(Entries taken from a collection)
* * *

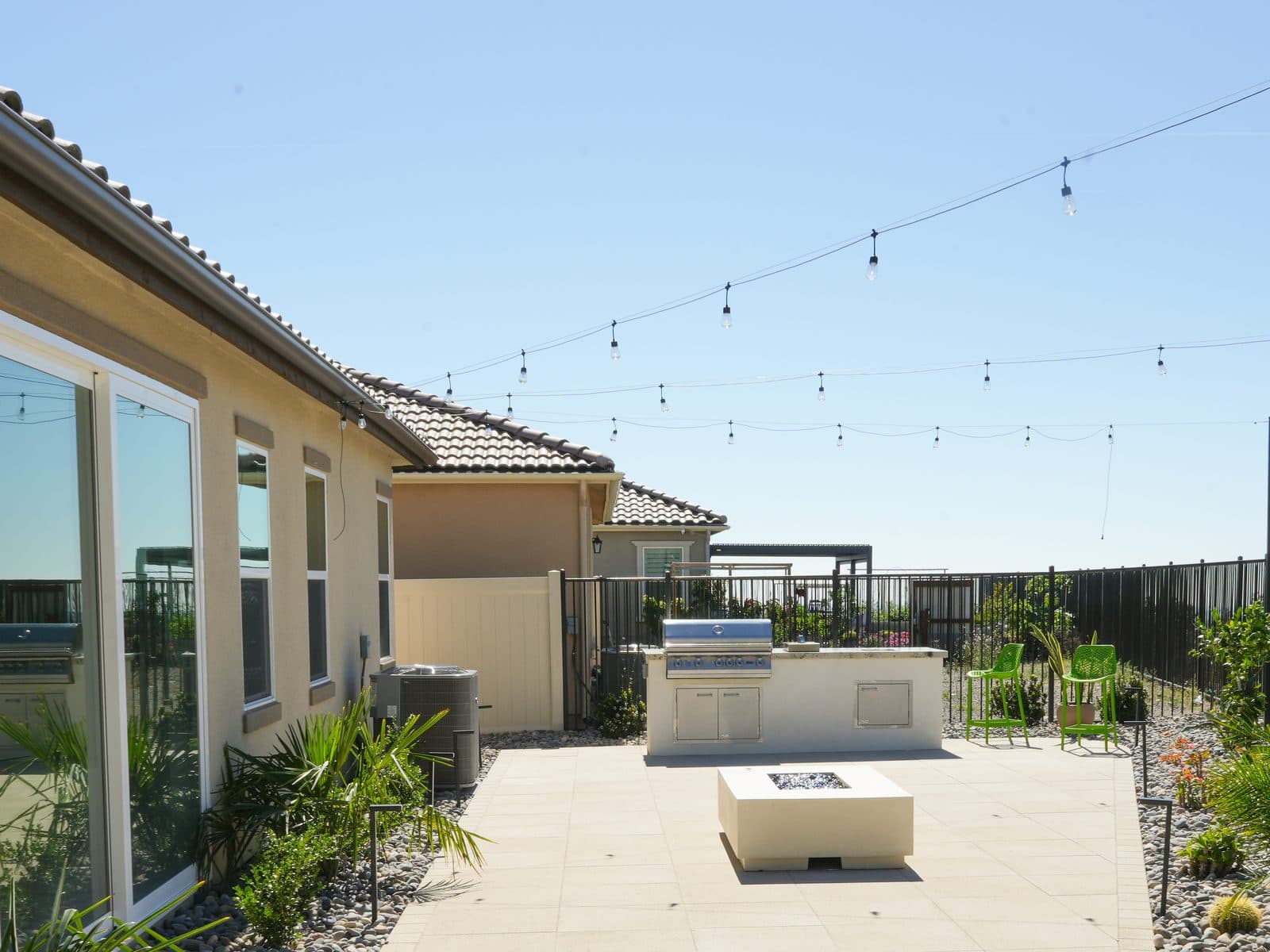 Linear gas fire table set into a paver patio beside a built-in grill, by Modern Yardz San Diego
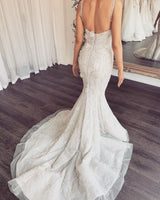 Looking for a dress in Lace, Mermaid style, and Amazing Lace work? stylesnuggle custom made you this Modern V-neck Sleeveless Lace Overskirt Bridal Gowns For Wedding latest.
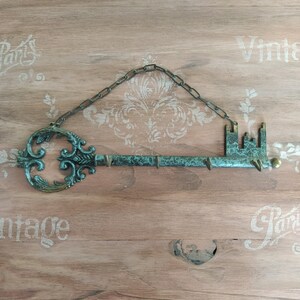 May include: A decorative key-shaped wall hook with a chain for hanging. The key is made of metal and has a green patina finish. The key has a decorative design on the top and a small hook on the bottom.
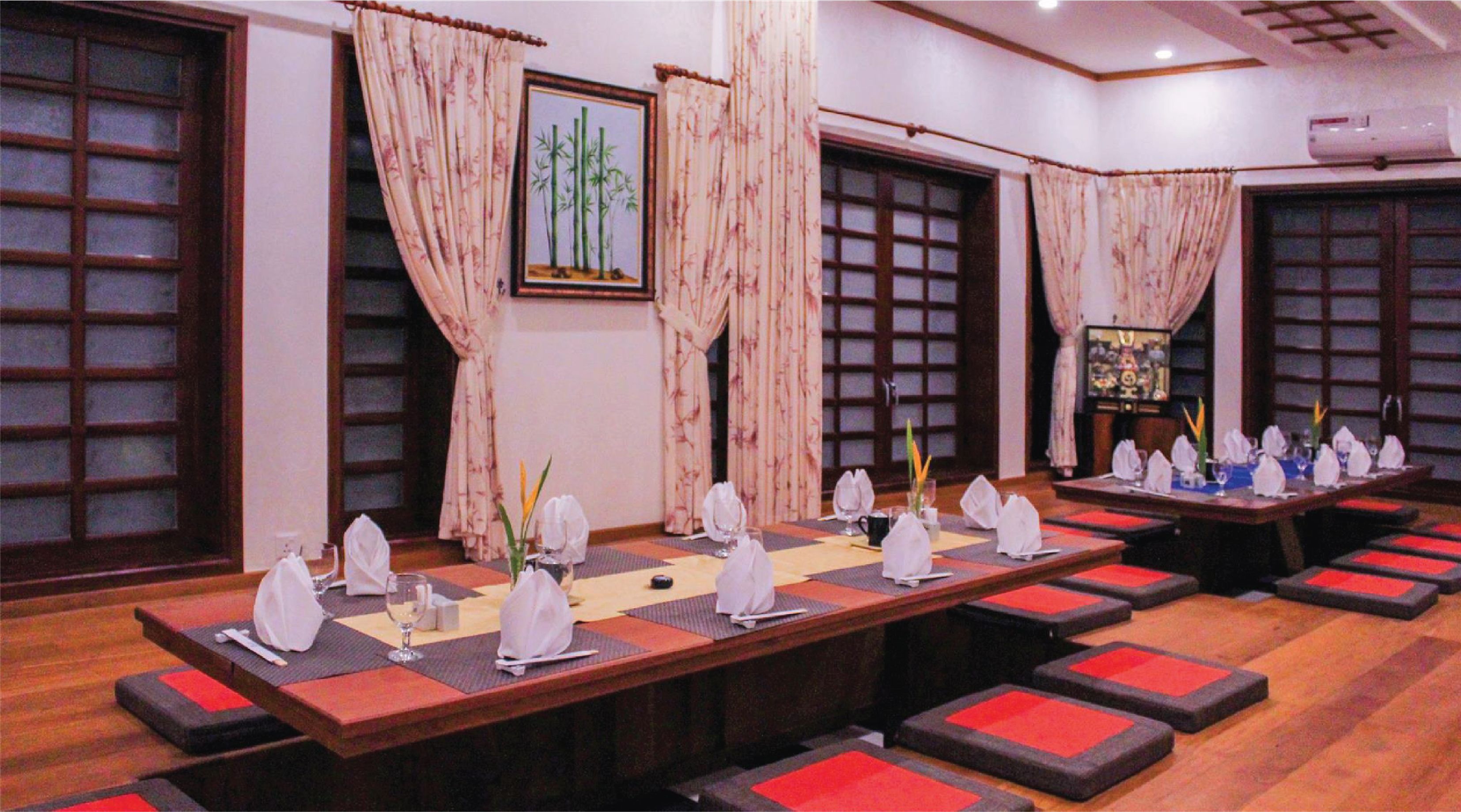 Une salle de conférence avec une longue table préparée pour une réunion, de grandes fenêtres ornées de rideaux classiques et un tableau représentant des bambous, encadré et accroché au mur.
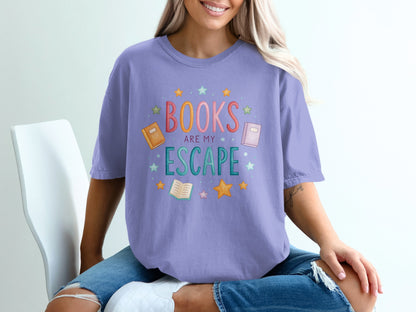 Lavender t-shirt with "Books are my escape" text and book illustrations.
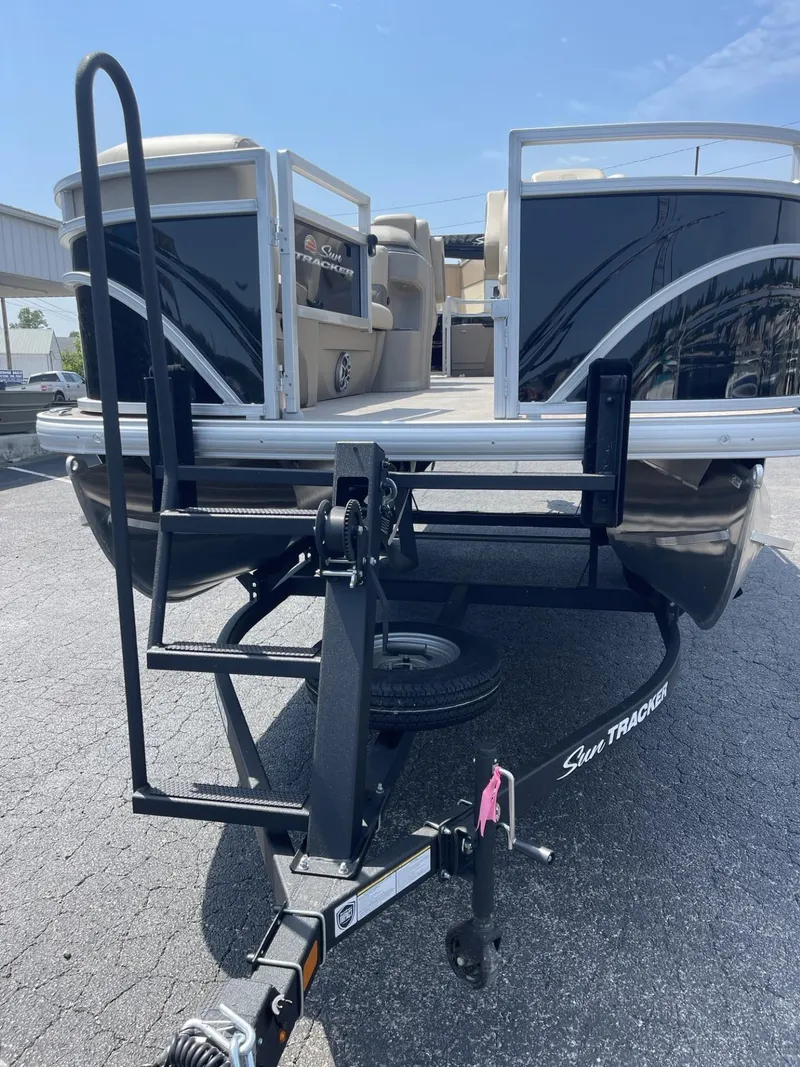 Slide: The Image of 2025 Sun Tracker SportFish 20 DLX pontoon boat on trailer, front view. - 3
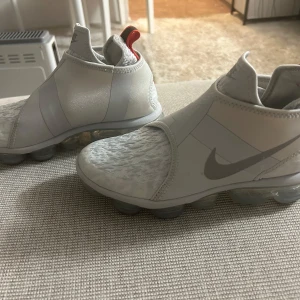 Nike Vapormax i ljusgrått - Säljer ett par stilrena Nike Vapormax i ljusgrått med en unik design utan snörning. Skorna har en synlig luftenhet i sulan för extra komfort och en röd detalj på hälen.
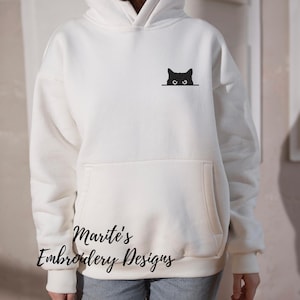 Puede incluir: Sudadera con capucha blanca con un gato negro asom&aacute;ndose desde detr&aacute;s del bolsillo. El texto "Marite's Embroidery Designs" est&aacute; impreso en la parte inferior de la sudadera.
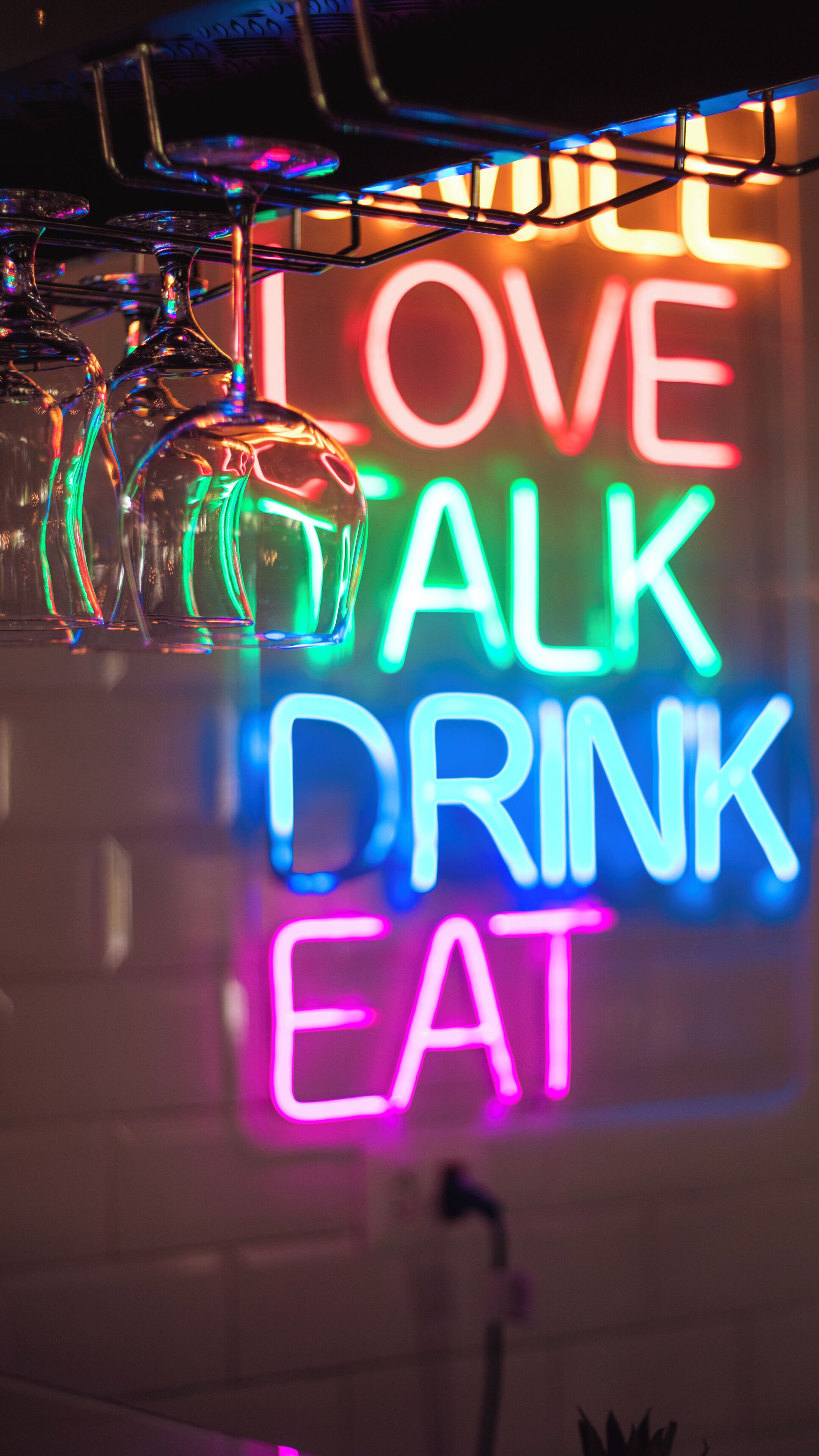 A neon sign with the words 'LOVE TALK DRINK EAT' in a room with hanging glassware.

* * *

Task goal ▸
Your reply should consist of the data, transcribed exactly, and should hold no pictures.

Your solution ▸
 Linear gas fire table set into a paver patio beside a built-in grill, by Modern Yardz San Diego
 Looking for a dress in Lace, Mermaid style, and Amazing Lace work? stylesnuggle custom made you this Modern V-neck Sleeveless Lace Overskirt Bridal Gowns For Wedding latest.
 May include: A decorative key-shaped wall hook with a chain for hanging. The key is made of metal and has a green patina finish. The key has a decorative design on the top and a small hook on the bottom.
 Une salle de conférence avec une longue table préparée pour une réunion, de grandes fenêtres ornées de rideaux classiques et un tableau représentant des bambous, encadré et accroché au mur.
 Lavender t-shirt with "Books are my escape" text and book illustrations.
 Slide: The Image of 2025 Sun Tracker SportFish 20 DLX pontoon boat on trailer, front view. - 3
 Nike Vapormax i ljusgrått - Säljer ett par stilrena Nike Vapormax i ljusgrått med en unik design utan snörning. Skorna har en synlig luftenhet i sulan för extra komfort och en röd detalj på hälen.
 Puede incluir: Sudadera con capucha blanca con un gato negro asom&aacute;ndose desde detr&aacute;s del bolsillo. El texto "Marite's Embroidery Designs" est&aacute; impreso en la parte inferior de la sudadera.
 A neon sign with the words 'LOVE TALK DRINK EAT' in a room with hanging glassware.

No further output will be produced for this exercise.